Required action: Only the lines below from the one that holds "Sheffield Wednesday - The" through the one that holds "are self emitting." should appear in the answer, copied exactly, end lines included and pictures omitted.

/---

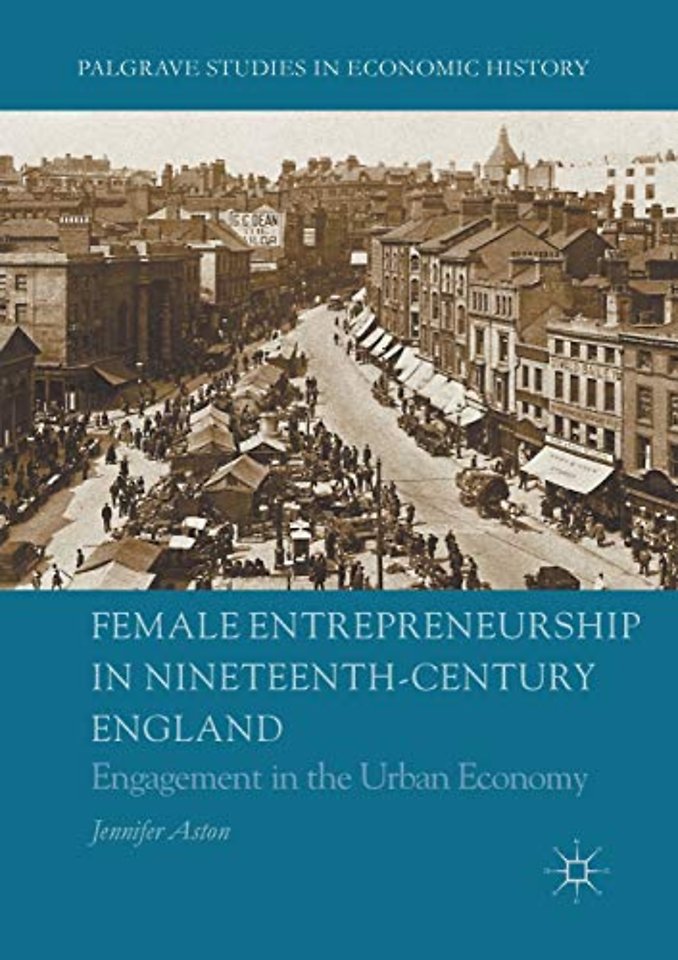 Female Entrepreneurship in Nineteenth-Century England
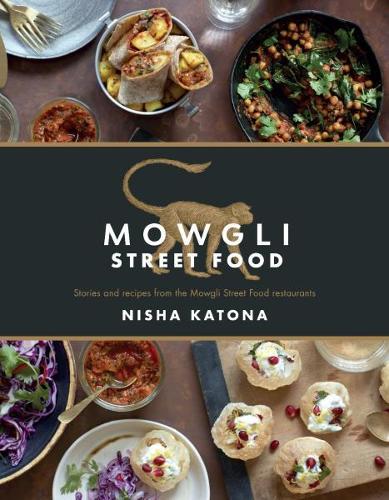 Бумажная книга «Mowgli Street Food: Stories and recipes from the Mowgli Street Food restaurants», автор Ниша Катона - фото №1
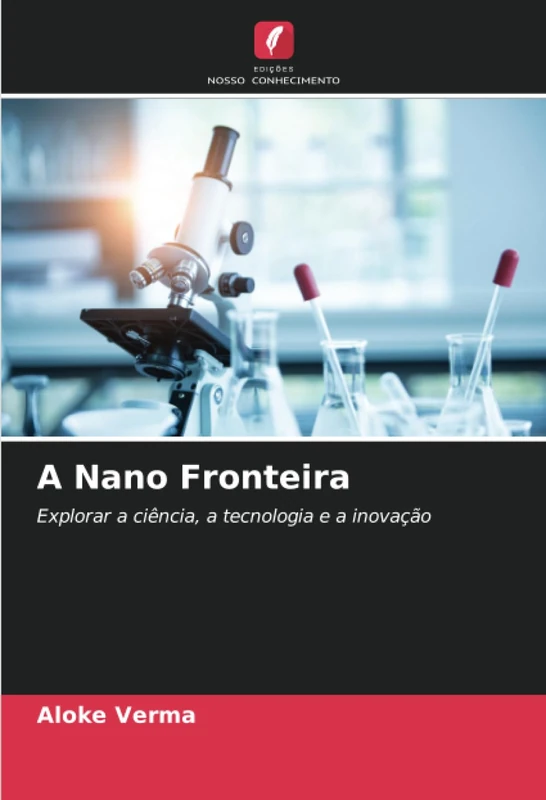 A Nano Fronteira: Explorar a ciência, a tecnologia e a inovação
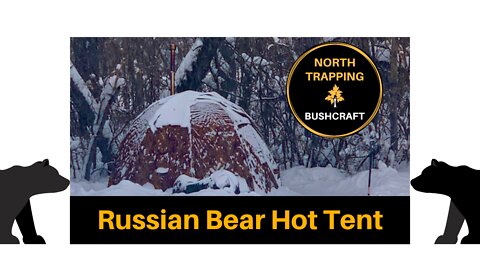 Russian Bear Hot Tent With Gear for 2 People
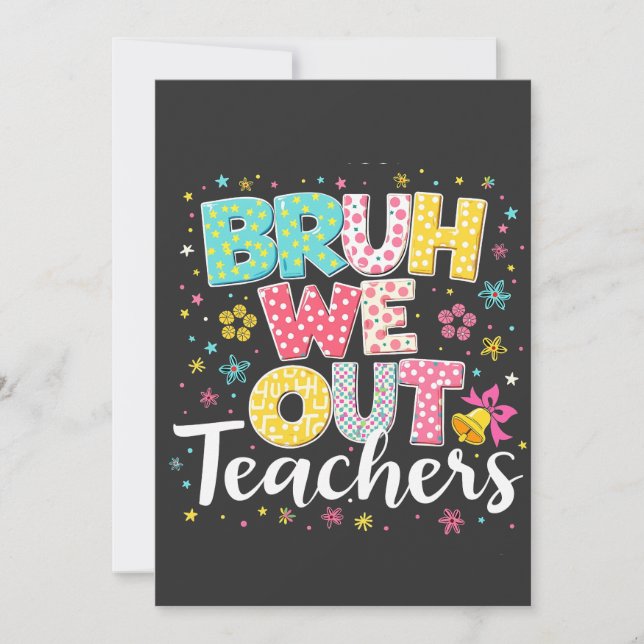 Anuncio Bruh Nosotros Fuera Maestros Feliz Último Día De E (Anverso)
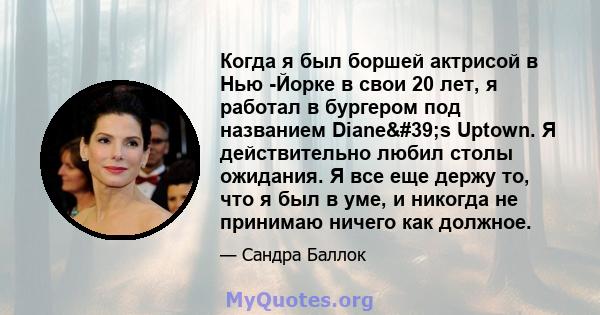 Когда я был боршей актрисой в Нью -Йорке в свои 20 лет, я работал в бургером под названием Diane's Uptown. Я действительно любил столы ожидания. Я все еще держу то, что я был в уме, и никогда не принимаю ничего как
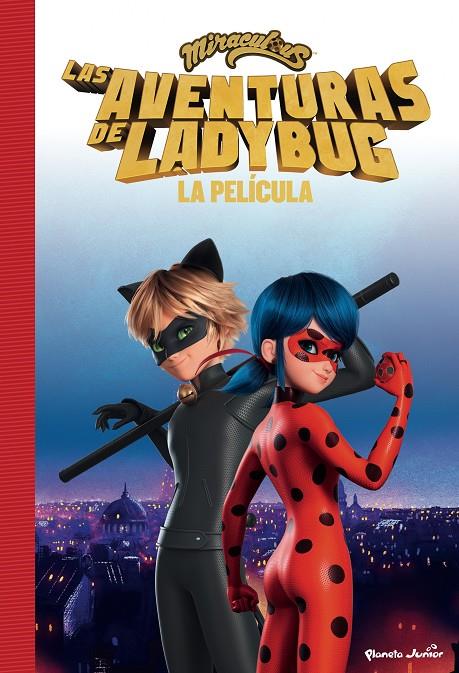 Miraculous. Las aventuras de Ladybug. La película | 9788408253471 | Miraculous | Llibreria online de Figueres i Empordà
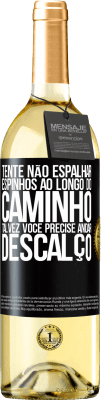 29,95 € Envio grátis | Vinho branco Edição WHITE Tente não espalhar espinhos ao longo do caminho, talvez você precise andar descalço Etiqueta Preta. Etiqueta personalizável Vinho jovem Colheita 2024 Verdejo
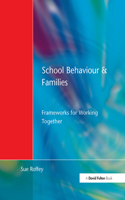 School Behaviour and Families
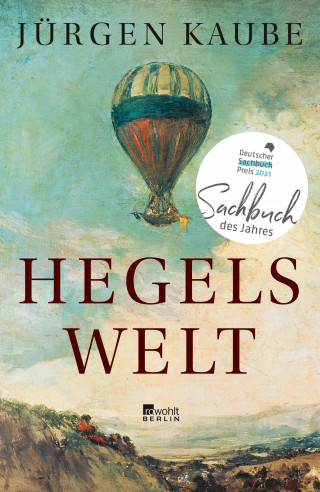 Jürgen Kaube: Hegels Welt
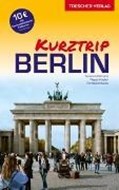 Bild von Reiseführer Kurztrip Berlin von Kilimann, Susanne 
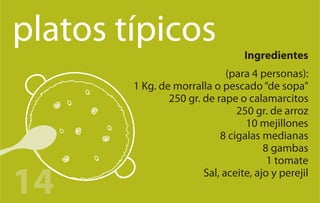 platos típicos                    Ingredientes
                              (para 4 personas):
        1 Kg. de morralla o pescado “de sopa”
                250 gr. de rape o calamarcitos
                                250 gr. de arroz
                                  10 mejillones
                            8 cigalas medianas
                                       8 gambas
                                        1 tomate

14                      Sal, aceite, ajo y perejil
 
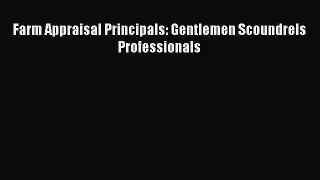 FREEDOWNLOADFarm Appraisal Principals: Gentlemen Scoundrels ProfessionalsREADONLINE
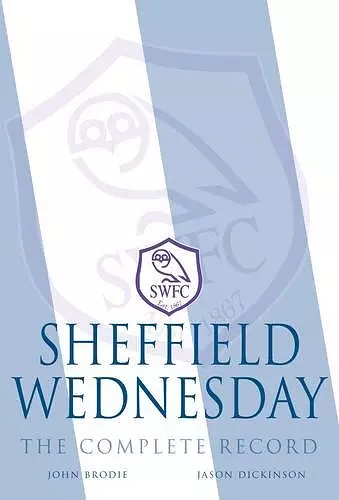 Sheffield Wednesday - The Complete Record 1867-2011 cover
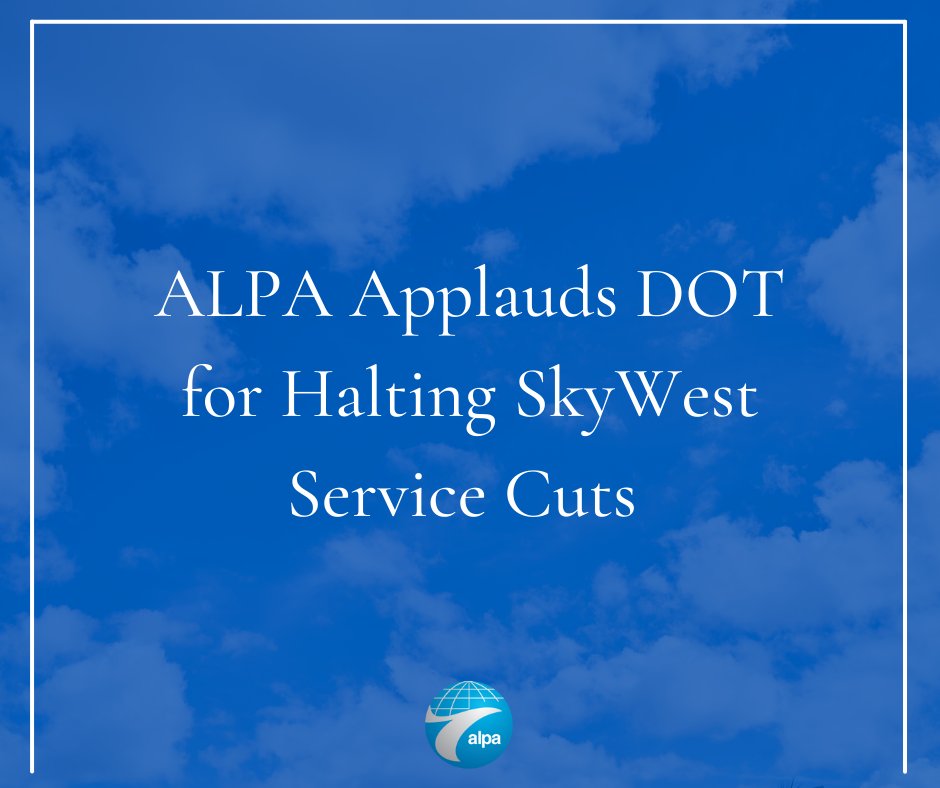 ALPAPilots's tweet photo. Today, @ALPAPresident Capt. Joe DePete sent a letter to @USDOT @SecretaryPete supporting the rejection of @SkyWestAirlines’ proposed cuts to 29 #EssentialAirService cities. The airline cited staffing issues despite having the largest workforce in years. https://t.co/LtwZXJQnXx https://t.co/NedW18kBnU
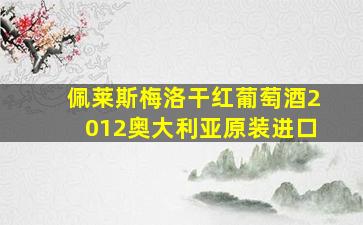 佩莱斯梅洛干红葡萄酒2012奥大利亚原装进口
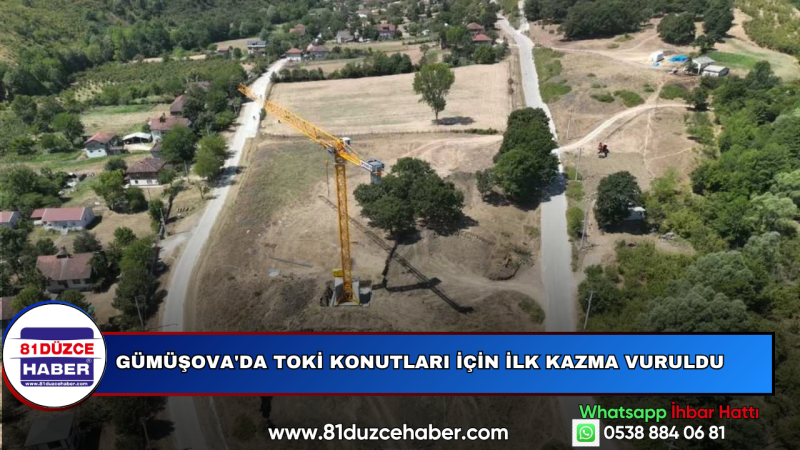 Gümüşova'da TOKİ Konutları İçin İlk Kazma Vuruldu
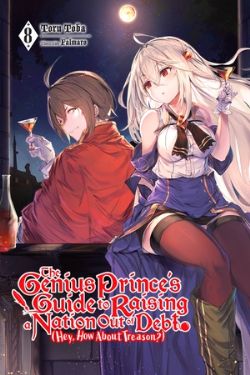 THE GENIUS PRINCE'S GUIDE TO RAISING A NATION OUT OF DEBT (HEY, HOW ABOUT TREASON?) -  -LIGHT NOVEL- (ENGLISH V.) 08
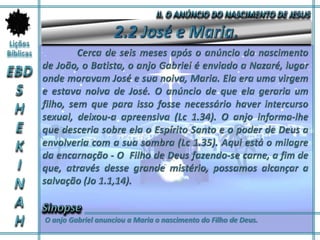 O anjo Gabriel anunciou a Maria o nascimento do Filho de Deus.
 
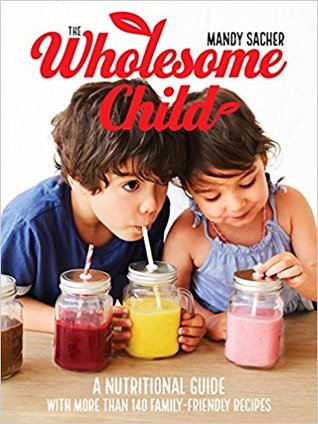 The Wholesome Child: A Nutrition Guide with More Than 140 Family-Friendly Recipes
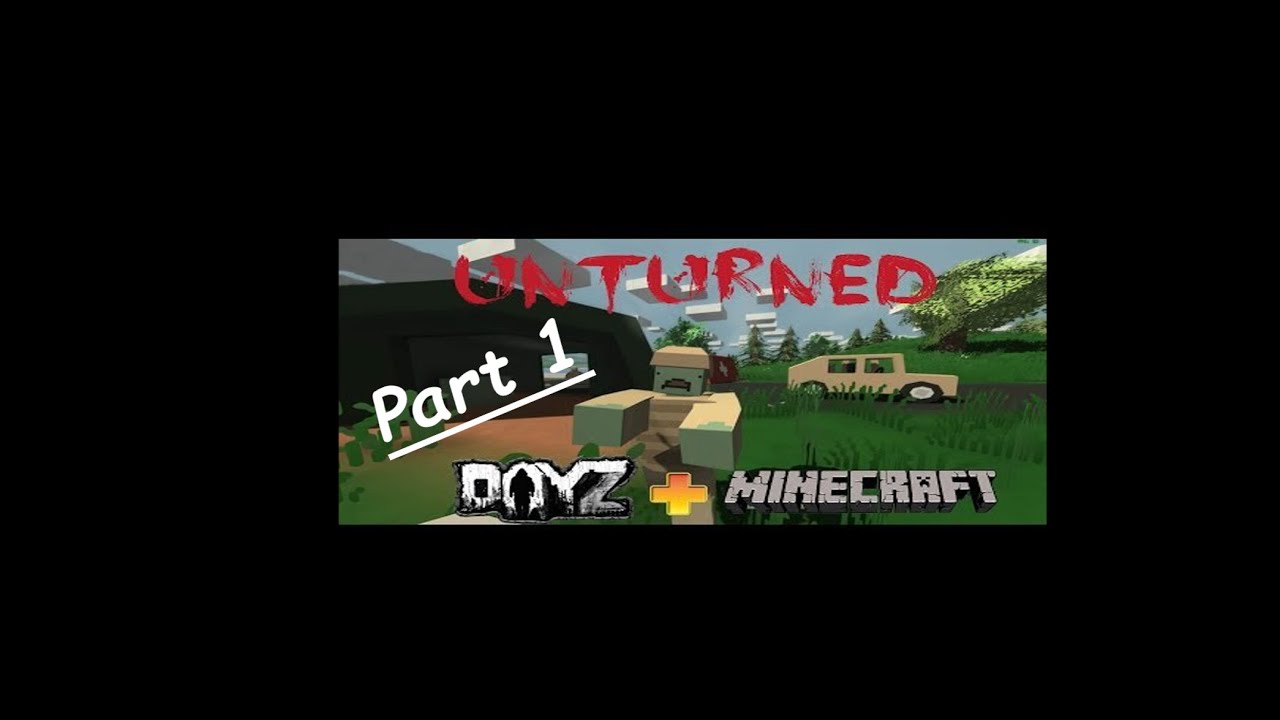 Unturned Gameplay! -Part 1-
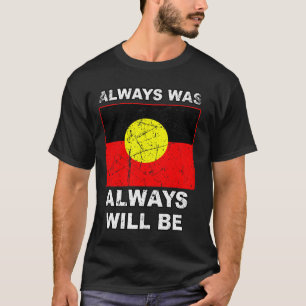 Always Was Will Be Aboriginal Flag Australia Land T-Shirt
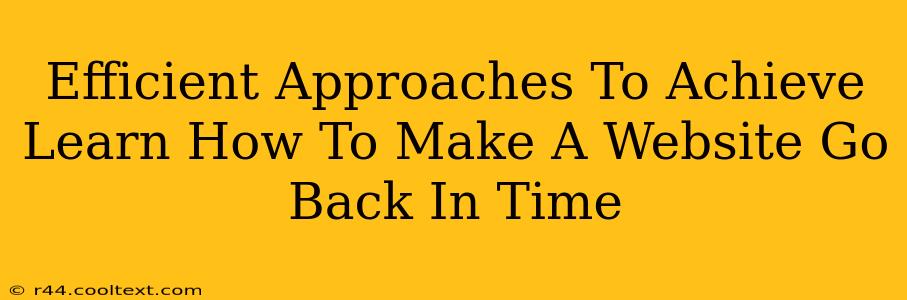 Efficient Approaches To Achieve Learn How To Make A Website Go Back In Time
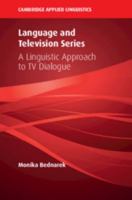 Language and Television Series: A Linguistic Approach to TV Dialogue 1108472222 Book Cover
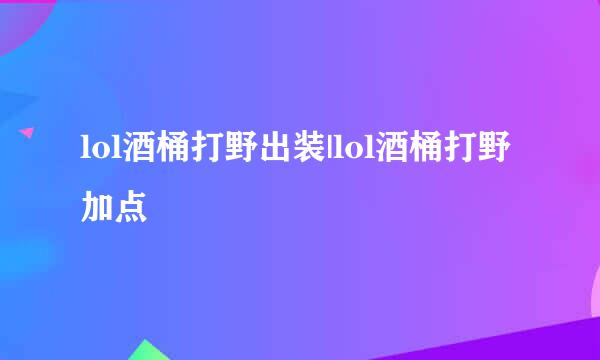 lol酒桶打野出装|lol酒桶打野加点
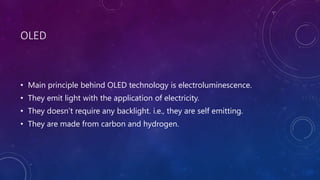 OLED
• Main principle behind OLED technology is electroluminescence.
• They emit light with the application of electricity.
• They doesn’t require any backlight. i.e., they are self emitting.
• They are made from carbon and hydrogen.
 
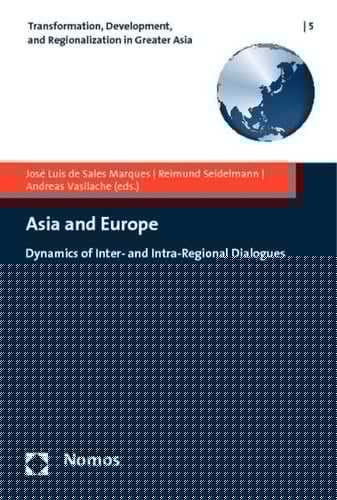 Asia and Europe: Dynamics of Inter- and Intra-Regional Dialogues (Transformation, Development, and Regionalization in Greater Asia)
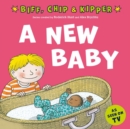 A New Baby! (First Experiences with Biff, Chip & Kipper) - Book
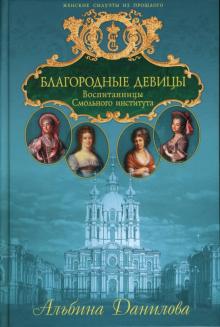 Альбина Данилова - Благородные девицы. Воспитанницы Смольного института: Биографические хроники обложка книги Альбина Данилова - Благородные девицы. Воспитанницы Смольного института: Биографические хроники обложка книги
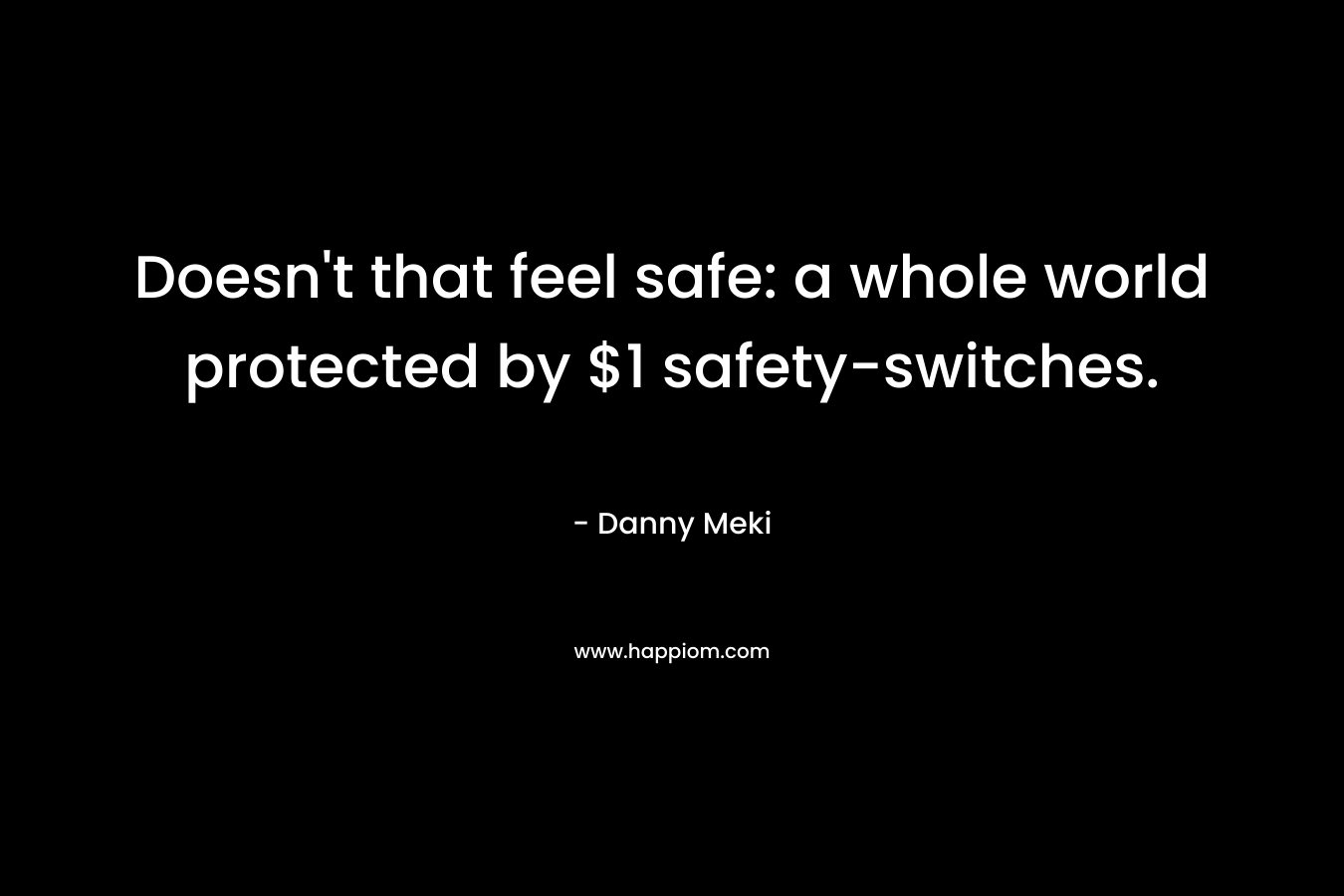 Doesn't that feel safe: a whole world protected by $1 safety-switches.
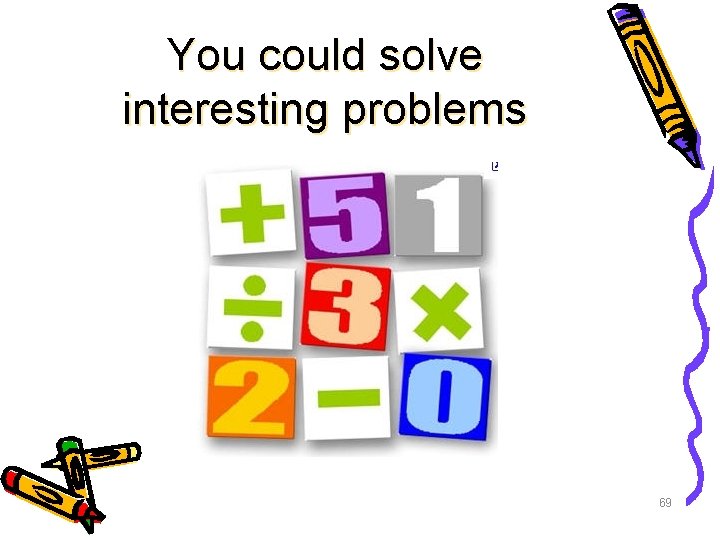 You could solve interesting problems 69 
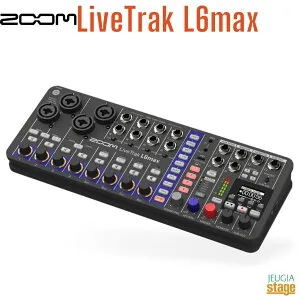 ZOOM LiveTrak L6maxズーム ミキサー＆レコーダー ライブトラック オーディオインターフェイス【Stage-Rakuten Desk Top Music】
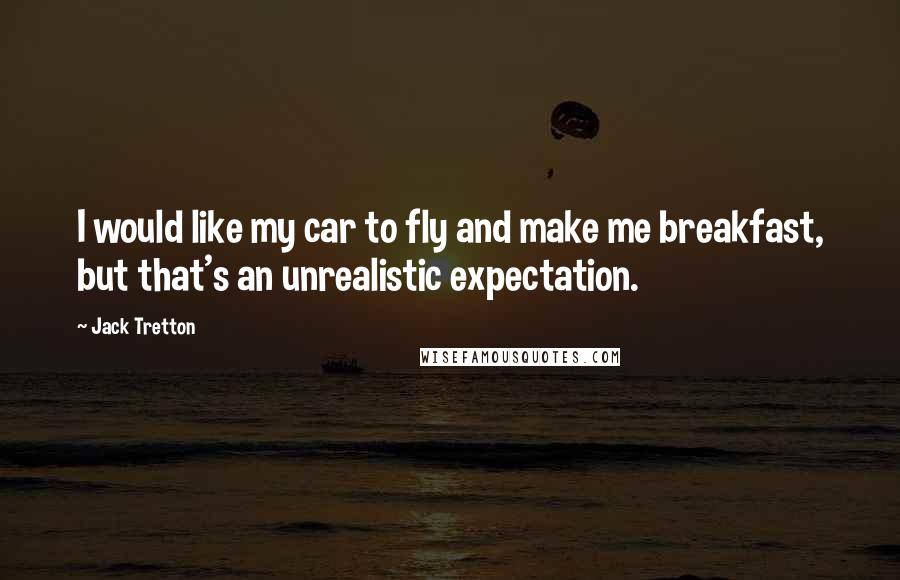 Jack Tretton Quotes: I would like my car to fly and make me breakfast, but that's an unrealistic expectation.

\---

Exercise output:
 Sheffield Wednesday - The Complete Record 1867-2011 cover
 ALPAPilots's tweet photo. Today, @ALPAPresident Capt. Joe DePete sent a letter to @USDOT @SecretaryPete supporting the rejection of @SkyWestAirlines’ proposed cuts to 29 #EssentialAirService cities. The airline cited staffing issues despite having the largest workforce in years. https://t.co/LtwZXJQnXx https://t.co/NedW18kBnU
 佩莱斯梅洛干红葡萄酒2012奥大利亚原装进口
 Gümüşova'da TOKİ Konutları İçin İlk Kazma Vuruldu
 THE GENIUS PRINCE'S GUIDE TO RAISING A NATION OUT OF DEBT (HEY, HOW ABOUT TREASON?) -  -LIGHT NOVEL- (ENGLISH V.) 08
 O anjo Gabriel anunciou a Maria o nascimento do Filho de Deus.
 
 The Wholesome Child: A Nutrition Guide with More Than 140 Family-Friendly Recipes
 Unturned Gameplay! -Part 1-
 Always Was Will Be Aboriginal Flag Australia Land T-Shirt
 Efficient Approaches To Achieve Learn How To Make A Website Go Back In Time
 Language and Television Series: A Linguistic Approach to TV Dialogue 1108472222 Book Cover
 lol酒桶打野出装|lol酒桶打野加点
 OLED
• Main principle behind OLED technology is electroluminescence.
• They emit light with the application of electricity.
• They doesn’t require any backlight. i.e., they are self emitting.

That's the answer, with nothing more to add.